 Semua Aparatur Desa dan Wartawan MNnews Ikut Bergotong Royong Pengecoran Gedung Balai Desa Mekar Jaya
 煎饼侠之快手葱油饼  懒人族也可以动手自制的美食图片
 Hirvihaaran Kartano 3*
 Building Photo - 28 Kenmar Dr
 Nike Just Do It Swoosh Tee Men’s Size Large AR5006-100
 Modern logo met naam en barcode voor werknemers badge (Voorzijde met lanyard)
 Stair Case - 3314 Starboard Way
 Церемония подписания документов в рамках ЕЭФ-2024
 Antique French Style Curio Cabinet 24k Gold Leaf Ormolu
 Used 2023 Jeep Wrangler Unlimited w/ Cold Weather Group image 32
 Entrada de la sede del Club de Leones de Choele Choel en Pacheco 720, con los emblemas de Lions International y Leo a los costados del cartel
________________________________________
EXERCISE
Repeat the material exactly. Every line should match.

RESULT
 Semua Aparatur Desa dan Wartawan MNnews Ikut Bergotong Royong Pengecoran Gedung Balai Desa Mekar Jaya
 煎饼侠之快手葱油饼  懒人族也可以动手自制的美食图片
 Hirvihaaran Kartano 3*
 Building Photo - 28 Kenmar Dr
 Nike Just Do It Swoosh Tee Men’s Size Large AR5006-100
 Modern logo met naam en barcode voor werknemers badge (Voorzijde met lanyard)
 Stair Case - 3314 Starboard Way
 Церемония подписания документов в рамках ЕЭФ-2024
 Antique French Style Curio Cabinet 24k Gold Leaf Ormolu
 Used 2023 Jeep Wrangler Unlimited w/ Cold Weather Group image 32
 Entrada de la sede del Club de Leones de Choele Choel en Pacheco 720, con los emblemas de Lions International y Leo a los costados del cartel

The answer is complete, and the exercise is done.